■ Task requirements:
What is needed is an exact repeat of the lines from the one holding "Prime Bgc Condo At Uptown Area #ournw28d" through the final line of the data, with no pictures.

■ Material for this exercise:
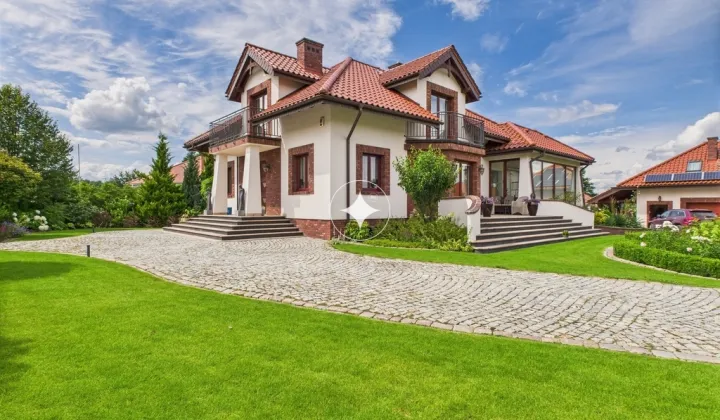 dom wolnostojący, 12 pokoi Warkały, ul. Poziomkowa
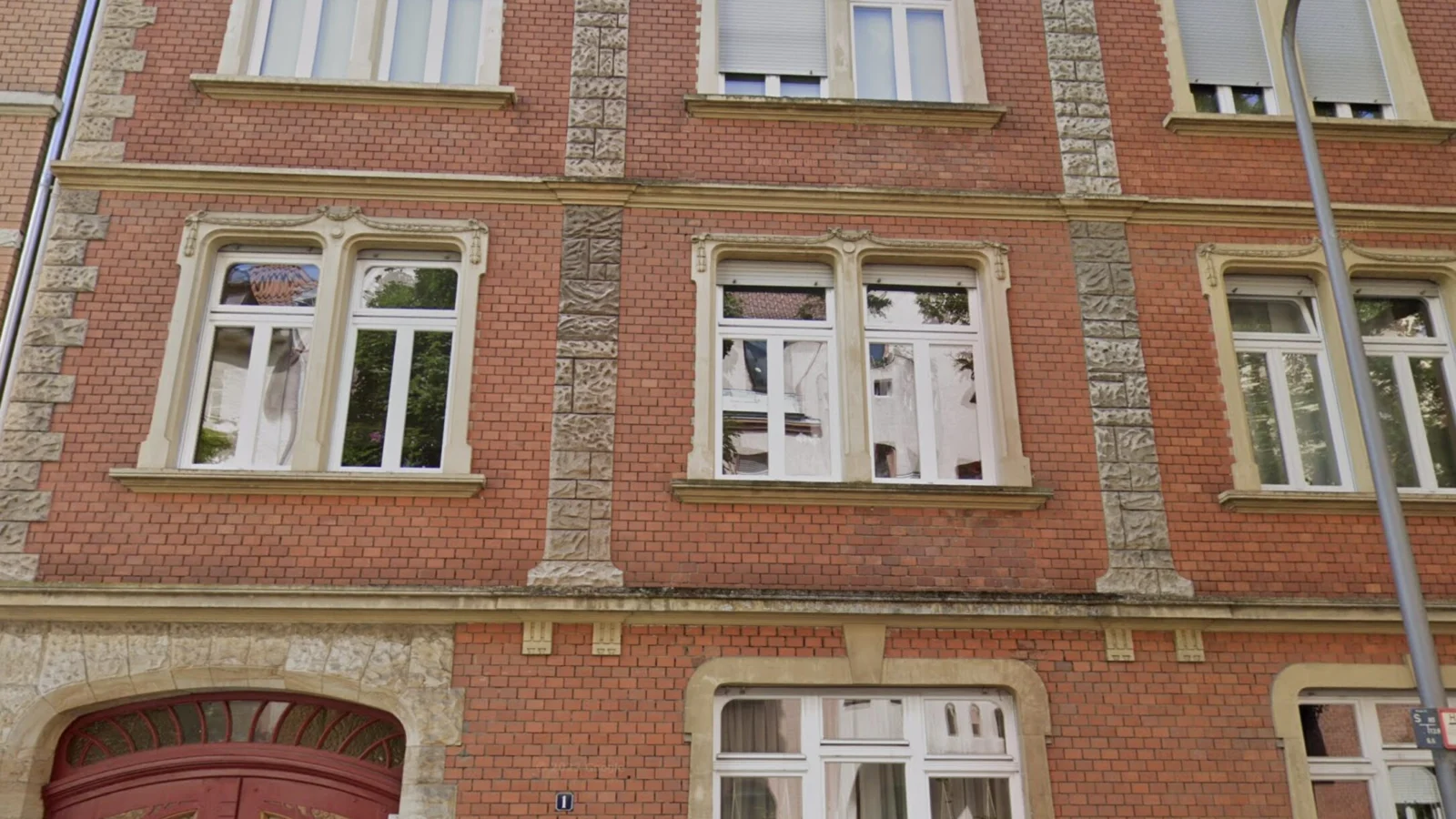 Schöne 3-Raum-Hochparterre-Wohnung im Wiesbadener Altbau! — Bild 1 von 9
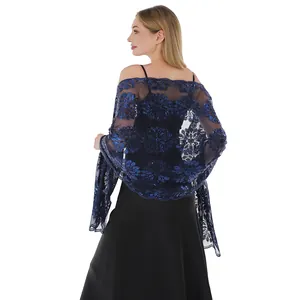 Vista posteriore di scialle in pizzo blu navy con paillettes floreali per serate.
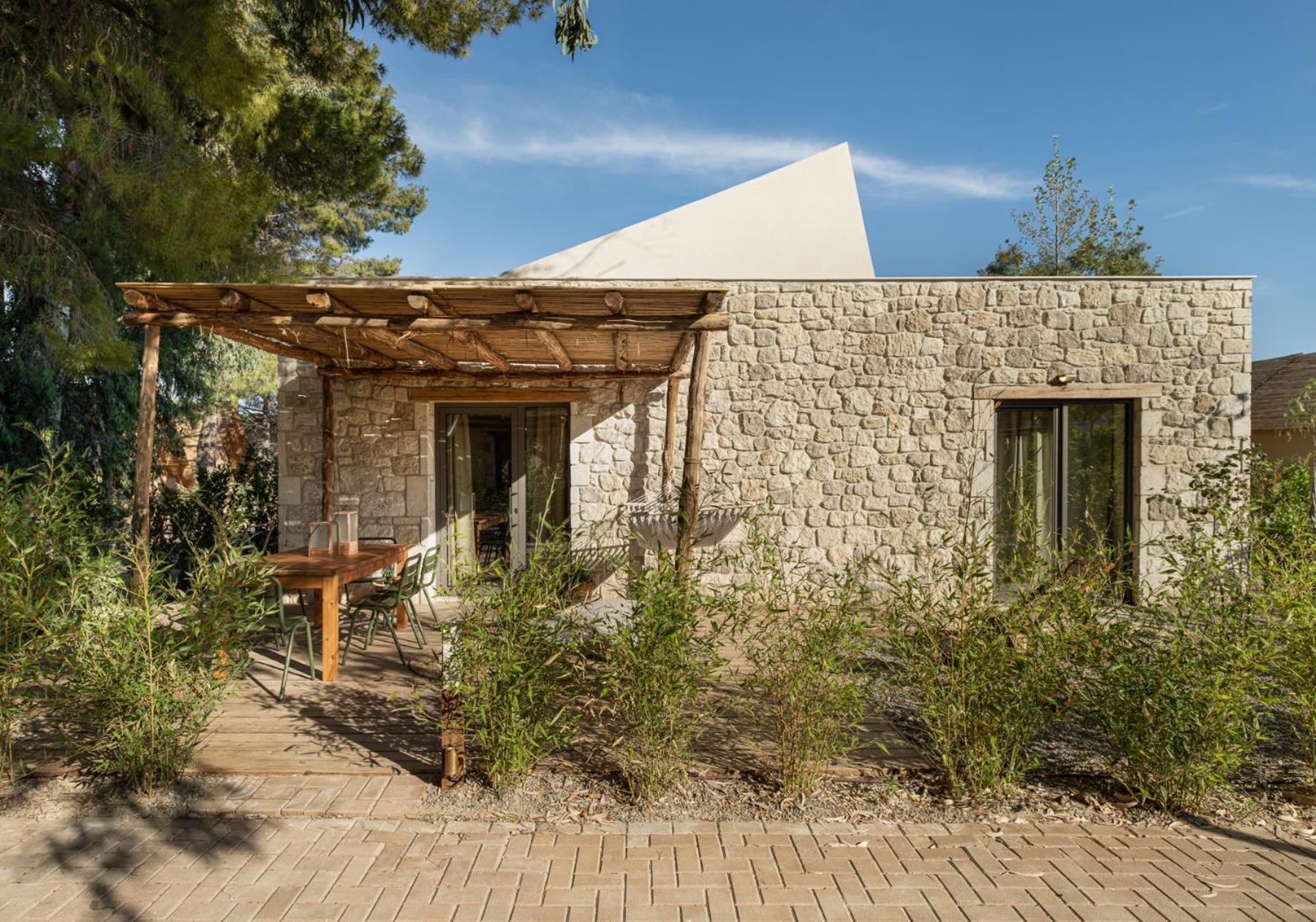 Residence Garden,1635914342:JPEG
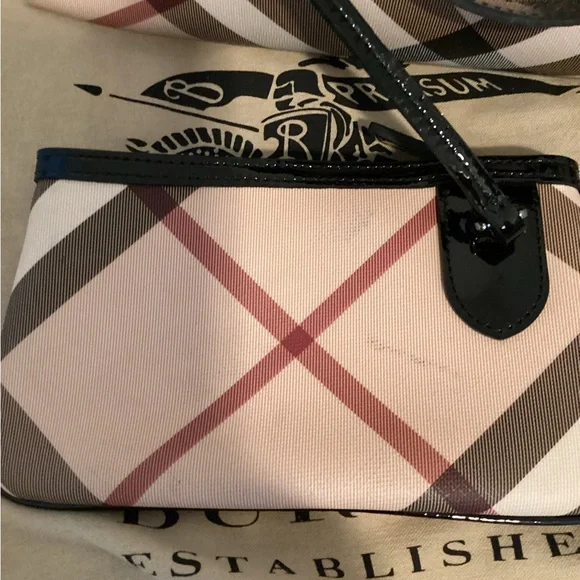💯 Authentic Burberry LARGE Nova Check Tote Handbag Shoulder Bag - Picture 12 of 16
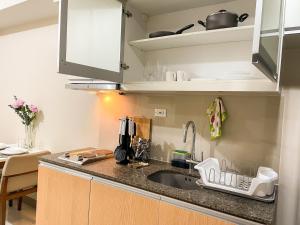 Prime Bgc Condo At Uptown Area #ournw28d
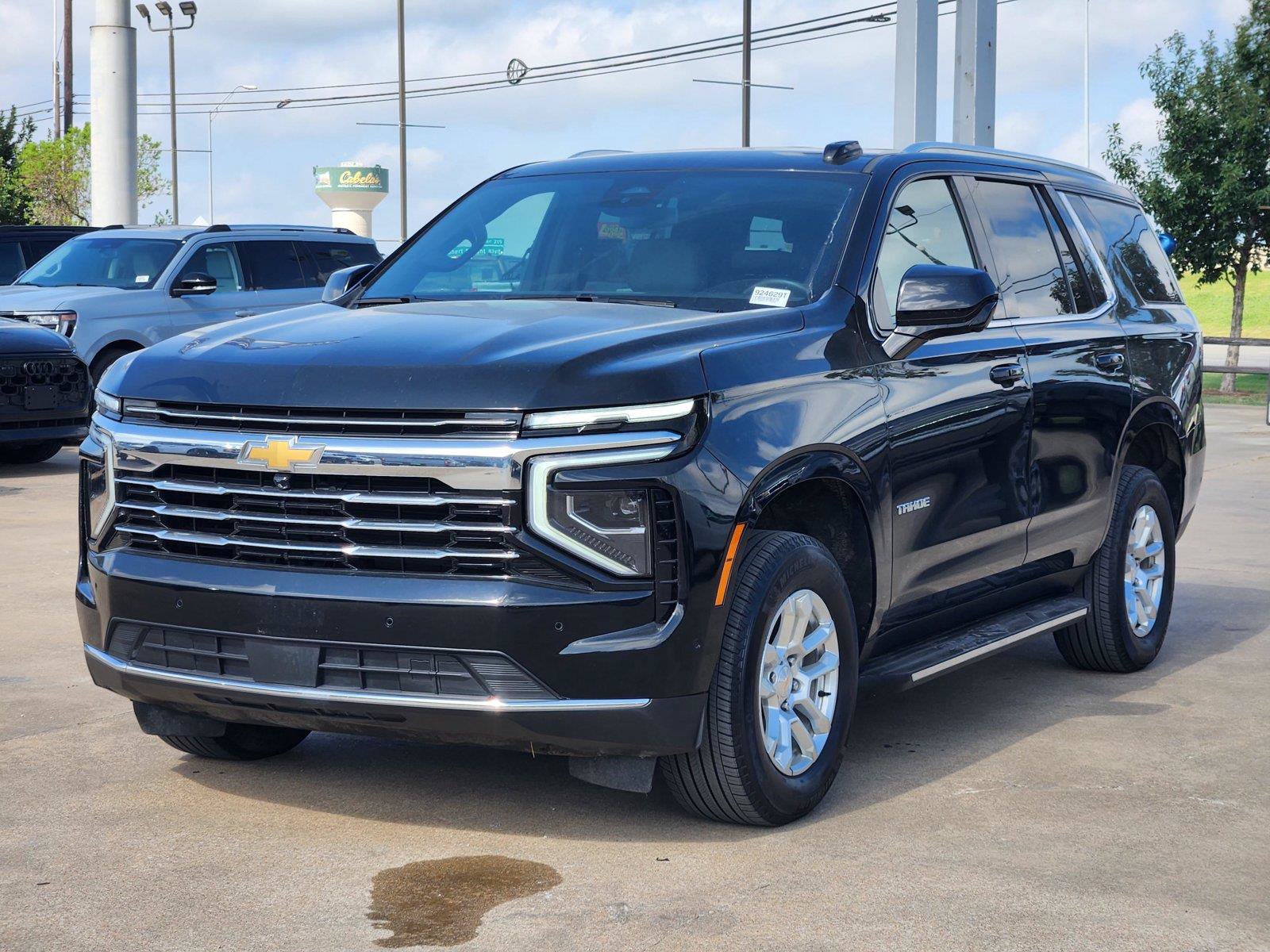 Used 2025 Chevrolet Tahoe LT RWD image 3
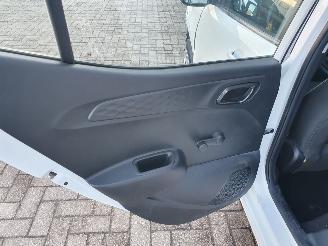 Hyundai I-10 1.0 comfort picture 24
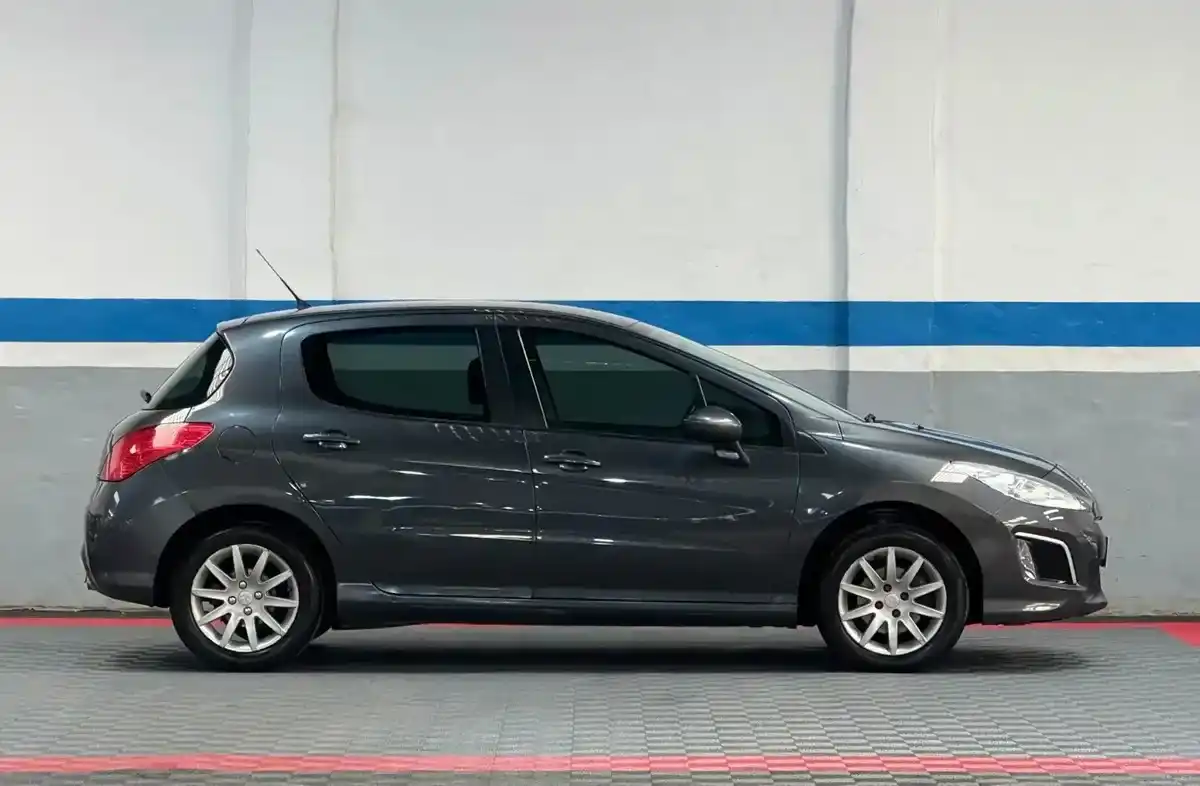 Peugeot 308 308 1.6 Active 2014 - foto 4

■ Answer section:
 Prime Bgc Condo At Uptown Area #ournw28d
 Used 2025 Chevrolet Tahoe LT RWD image 3
 Hyundai I-10 1.0 comfort picture 24
 Peugeot 308 308 1.6 Active 2014 - foto 4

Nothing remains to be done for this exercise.